The Filmcasino is renowned for its alternative programme - ranging from European to Asian cinema and often thematic series of films. The cinema is decidedly retro - 1950s and 1960s - and the cinema, whilst lacking cutting edge sound of modern multiplexes is a breath of fresh air. They sometimes have theme nights and parties in the foyer - where there is a small bar, for example in honour of Elvis' birthday (I went once and watched Viva Las Vegas). There are also showings of live music videos - the screen sessions at periodic intervals.
Dress Code: none - come as you are!
And what about a nice concert of Classical Music?.I choosed this night out from my travel company,they took us to a small and nice palace to see a classical music live concert.Really I enjoyed very much listening the music from Johan Strauss and others in this concert.Is not allowed to take any photos during the concert,but I taked this one at the end!.
It was a small orchestra,just 12 musicians,but they played excellent!!! .The girls were wearing beautiful dresses.
Try to get tickets for an evening concert in the Muziekverien. Yes it is mainly for tourists but the concerts are fantastic and it is a chance to see the beautiful golden concert hall which it used for the New Years Concert.
Dress Code: just everyday clothing although some people do dress up in evening dress. It is mainly tourist so no everyone has evening clothing with them - we certainly didn't!
The Vienna Mozart Orchestra performs a concert of Mozart's greatest hits including symphonies, concertos, and overtures. The orchestra also includes two opera singers from the Vienna State Opera and they sing selections from "Don Giovanni" as well as "The Marriage of Figaro."
The Wiener Konzerthaus was built in 1913 during Emperor Franz Joseph's reign and was renovated in 2000 to include air conditioning. It still looks like an old concert hall and facilitates part of the ambience that makes you feel as if you are back in old Vienna.
This three hour musical performance is one of the best evening activities you can do in addition to dancing the waltz. You will really feel like you are going back in time to the era of Mozart. This was one of my favorite experiences in Vienna.
Dress Code: The musicians wear authentic 18th century costumes and wigs but you can come as you are in your 21st century attire. (No jeans or shorts though!)
Check the programme for the Musikverein. During a daytime guided tour, we were lucky enough to be allowed to listen in to 5 minutes of a rehearsal for a concert to be held that night by the Ensemble Wien. We were so bowled over by what we heard that we went straight to the ticket office to see if we could get tickets for the concert that night. We were sold great seats at a cost of 39 euros each.
That evening, it was SO exciting just to enter the beautiful building and the concert that followed surpassed anything I'd heard before. The musicians gave a faultless performance on priceless, centuries-old instruments and the marvellous acoustics of the concert hall completed the perfection of it all. Just sitting there, gazing at the beautiful surroundings and listening to the marvellous music made for one of the best evenings I've ever had.

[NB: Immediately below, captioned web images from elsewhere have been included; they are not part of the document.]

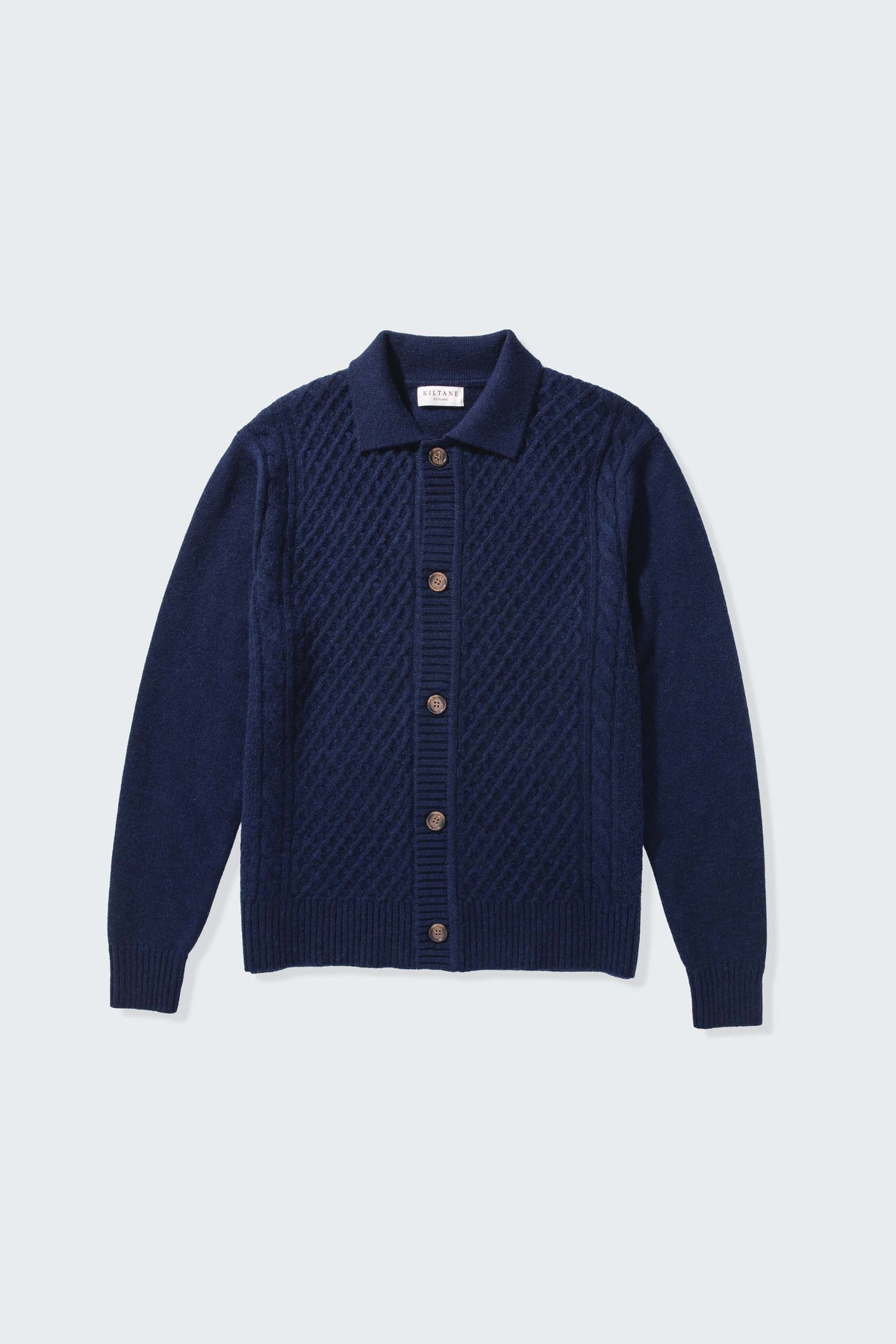 Men’s Aran Cashmere Cardigan - Cosmos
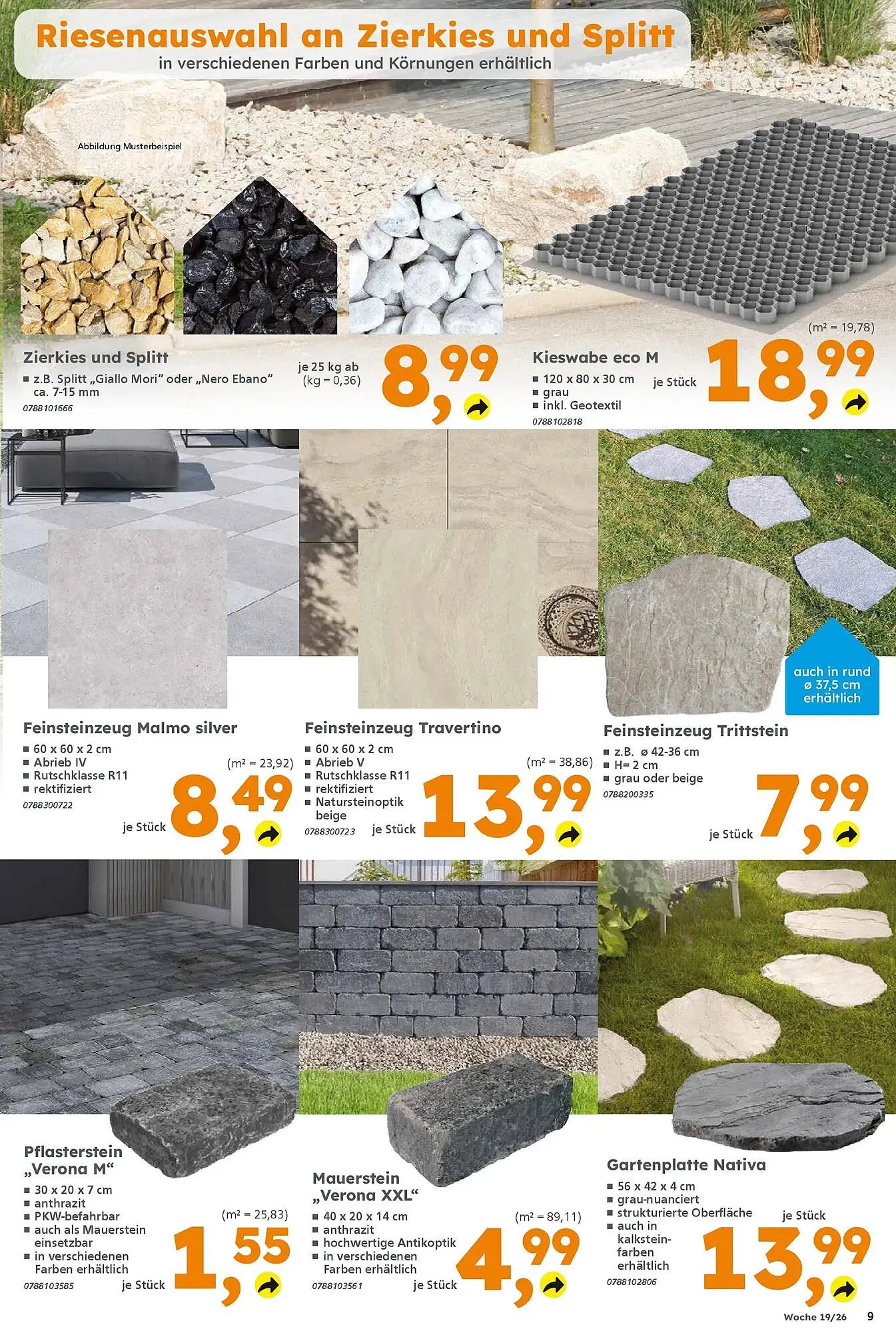Globus Baumarkt Prospekt von 3. Mai bis 9. Mai 2026 - Prospekt seite 9
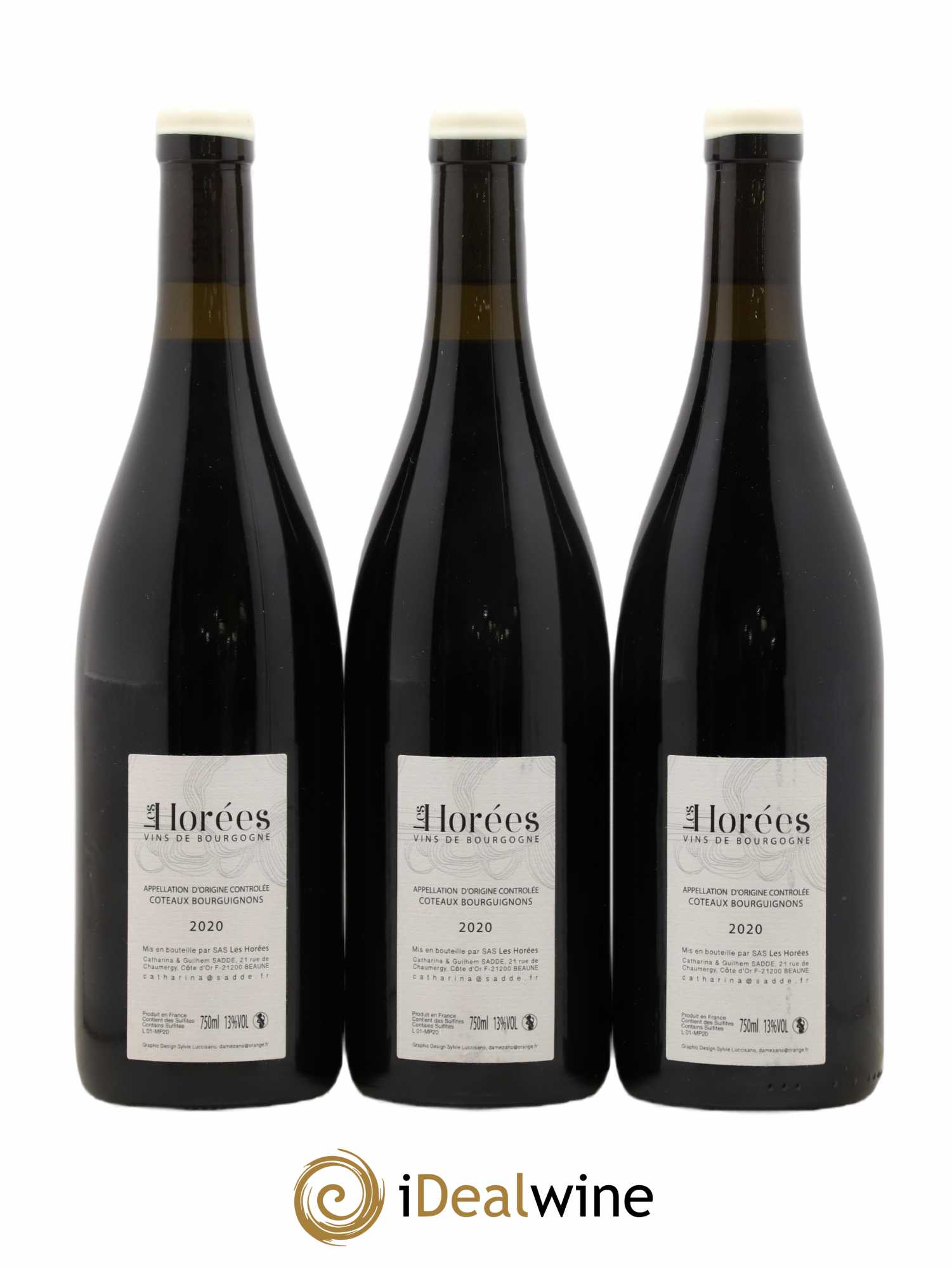Coteaux Bourguignons Mon Poulain Les Horées 2020 - Lot de 3 bouteilles - 1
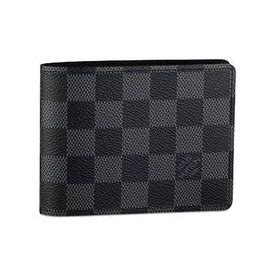 louis vuitton black check wallet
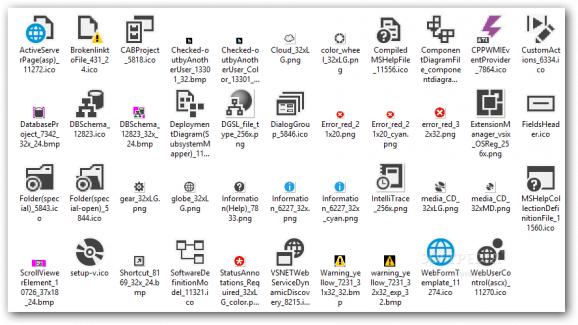 Visual Studio Image Library screenshot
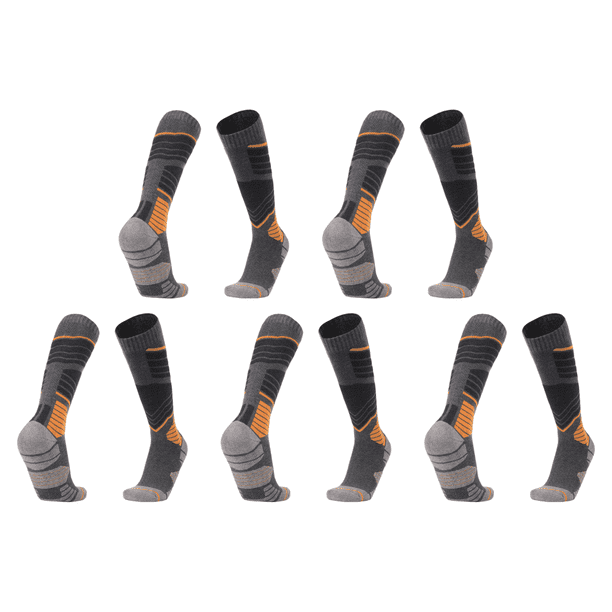 Calcetines Térmicos Esquí Invierno Medias Tubo Senderismo para Hombres (Gris Oscuro XL)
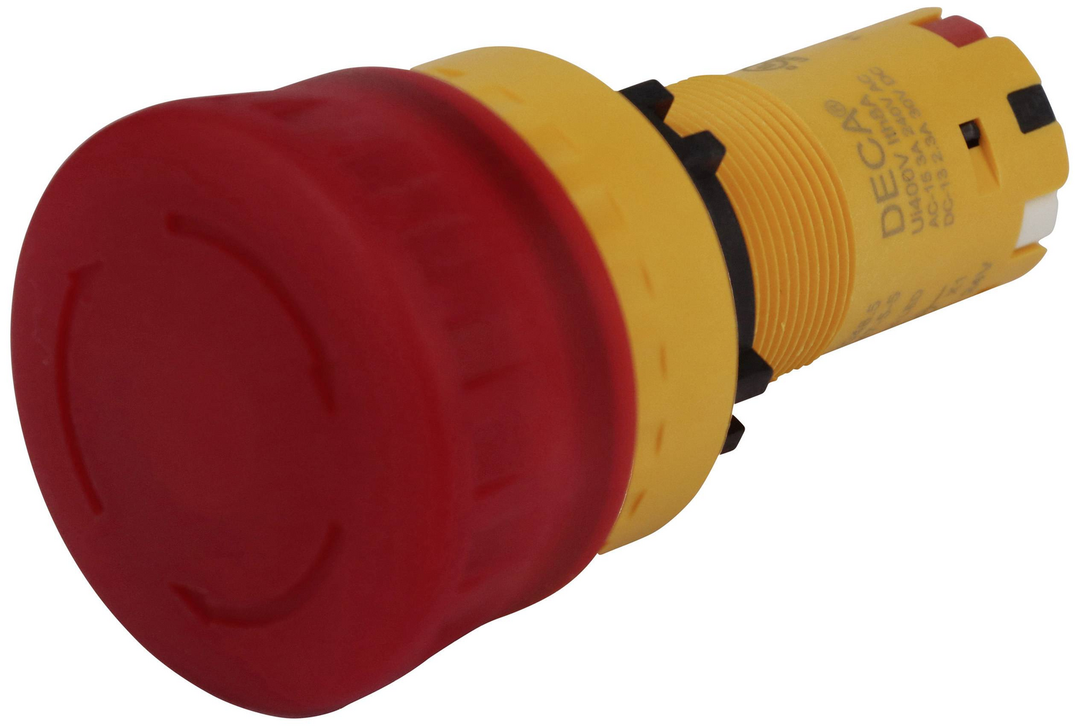 Deca Cp2 E Lve01 Q4 R Notentsperrung Stoptaster Schalter Stop 24 V Dc/Ac 8 A Ip66 B-Ware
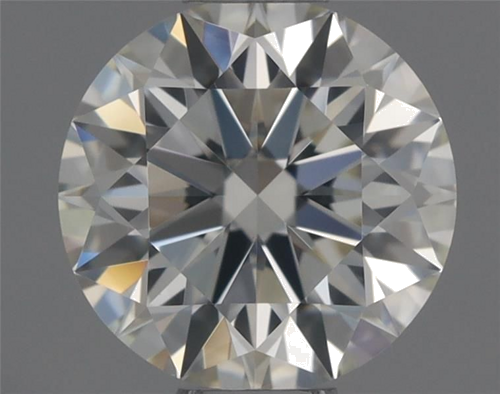 0.51 carat K-VVS2 Excellent cut Natūralus Round Deimantas (1)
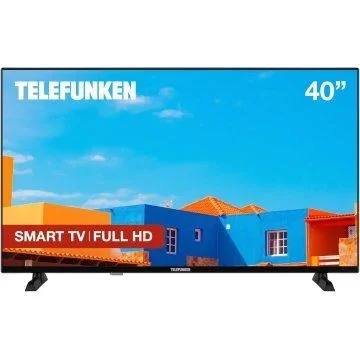 Telefunken 40DTF725 TV 40 Pulgadas Resolución Full HD 1920 x 1080, Diseño sin Marcos, DVBT2/S2/C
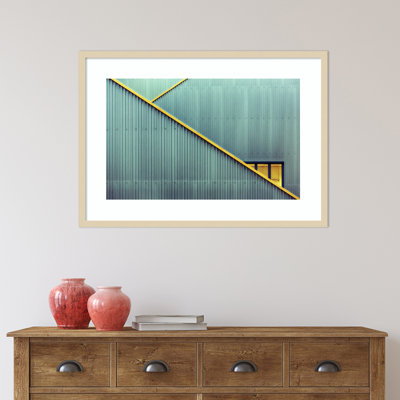 " Stairs And Yellow Door " by Jan Niezen
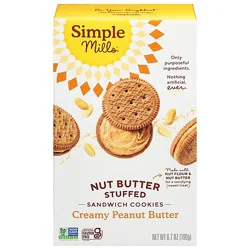 Simple Mills Cookies Sandwich Peanut Butter - 6.7 Oz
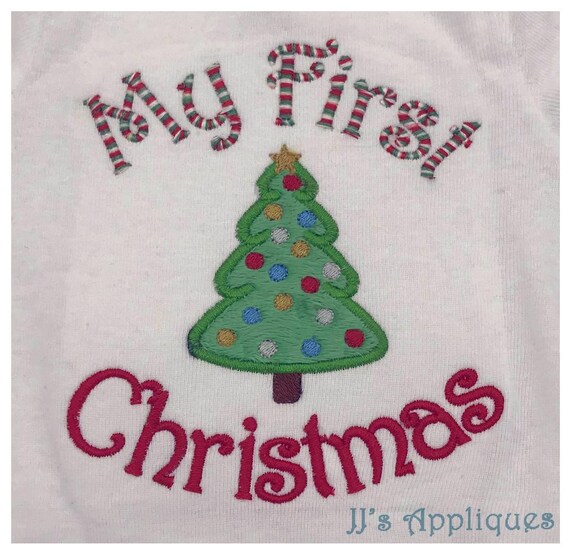 My First Christmas Machine Embroidery Applique Designs - Digital Download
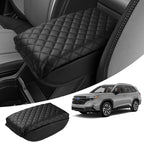 FIILINES Center Console Cover for Subaru Forester 2025 2026, Armrest Cover Pad Cushion Protector Forester Accessories Armrest Cover Anti-Scratch Black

Dress Code: As we had no smart clothes with us, we asked about dress code before buying the tickets and were told there was NO dress code and we'd be fine in the very casual clothes we were wearing. However, when we turned up for the event, we had trouble ignoring the disgusted looks we got from "Vienna's finest" who had all turned out in their best clobber and clearly didn't appreciate anyone who hadn't made the same effort. So, I would recommend packing one smart outfit if you're easily embarrassed.